Any tag matching one of these, at any nesting level in the metadata record, is indexed. In addition, tags are created for the full nesting level for the tag, so that not only can one search on title, one can also search on a specific instance of title.

(Z39.50 geek.note - we need to define some way to handle this nesting. Jim and I have talked about a "nesting" relation attribute, but it might also be good to think about the simple answer - "title" would be distinct from "METADATA_IDINFO_CITATION_CITEINFO_TITLE" [which is what I use for the title in the search Brief records] by giving them separate use attributes - ugly but effective. Maybe too ugly...)

TESTING THE INDEX

Once Iindex has run to completion, you can test to see if the index is built correctly, and that the files are in the expected places with a command like the following:

./Isearch -d <path>/<mydbname> <search-terms>

where you'll replace <path> and <mydbname> with the path and name of the searchable index you created with Iindex, and where the search terms can be selected words or phrases from your documents. For example,

./Isearch -d db/test water

will search the test database (see the script build-testindex) for the word "water", while

./Isearch -d db/test title/water

will search the same database for the word water when it appears in a title field.

RUNNING THE Z39.50 SERVER

The next step is to edit zserver.ini and sapi.ini so that zserver can find the index you just created. zserver reads a field map file specified in sapi.ini. The right one to use is bin/geo.fgdcmap (you can also use bin/bib1.fgdcmap and bin/gils.fgdcmap) – it contains the mapping between the Z39.50 use attribute numbers and the actual names of the fields as they're expressed in the SGML metadata records and indexed. For now, I map specific instances of the fields, including the nesting level. For example, attribute #4 (TITLE) is actually mapped to METADATA_IDINFO_CITATION_CITEINFO_TITLE (which is one specific instance of TITLE in the record).

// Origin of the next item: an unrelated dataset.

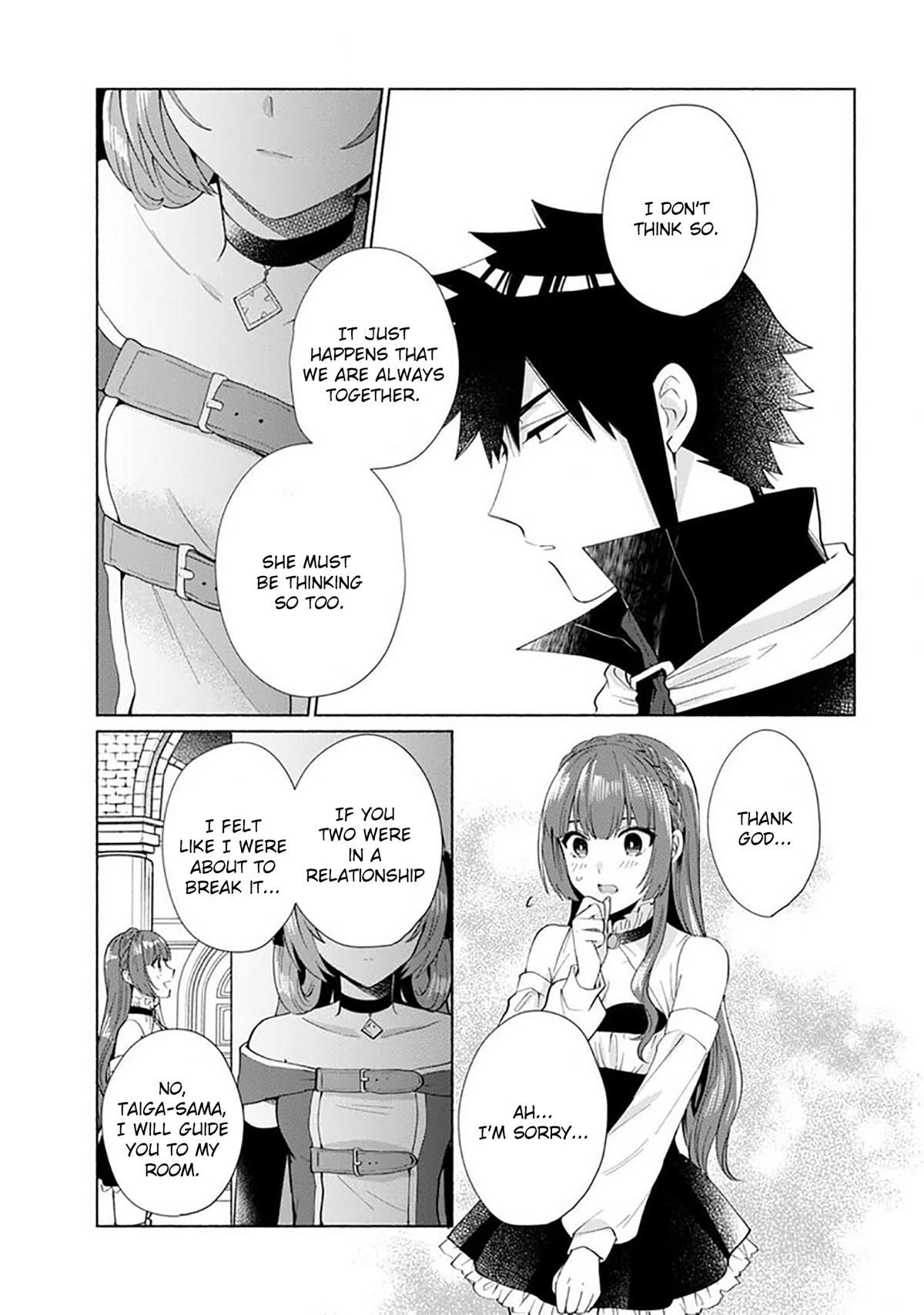 When I Was Reincarnated in Another World, I Was a Heroine and He Was a Hero Chapter 27 - Page 11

Note that whenever you run Iindex to reindex a document collection, you must kill the existing zserver process and start a new one. This will ensure that all of the correct links to the databases are found.

Assuming you've indexed your files with Iindex and that testing with the command line program Isearch works, here is a check list for making sure zserver is configured:

1. Edit bin/zserver.ini to put your index's name in DBList. It won't hurt to also set DebugLevel=5 at this point. Don't set ServerMode to INETD unless you really know what you're doing - it's really a debugging mode and zserver is designed to work best with ServerMode=STANDALONE. Check that Port is the right value for your installation (remember – you need system privs to run zserver on a port number less than 1024). And check that the path to sapi.ini is correct.

2. Edit bin/sapi.ini to add the descriptive information about your database to the list of available indexes. The entry should look like this:

[TESTHTML]
Type=ISEARCH
Location=/tmp
FieldMaps=my.map

Note that this says you've run Iindex with "-d /tmp/TESTHTML" and it's created a bunch of files in /tmp with names like TESTHTML.*. The field map file associates the field names created by Iindex with Z39.50 use attribute numbers. It is not mandatory if you want to use the default BIB1 attribute set. There's one already set up to map the GEO profile use attributes to the field names created by Iindex with the FGDC doctype - it's bin/geo.fgdcmap (which contains specific instances of the field names, rather than the generic ones listed in the GEO profile – just in case you were wondering).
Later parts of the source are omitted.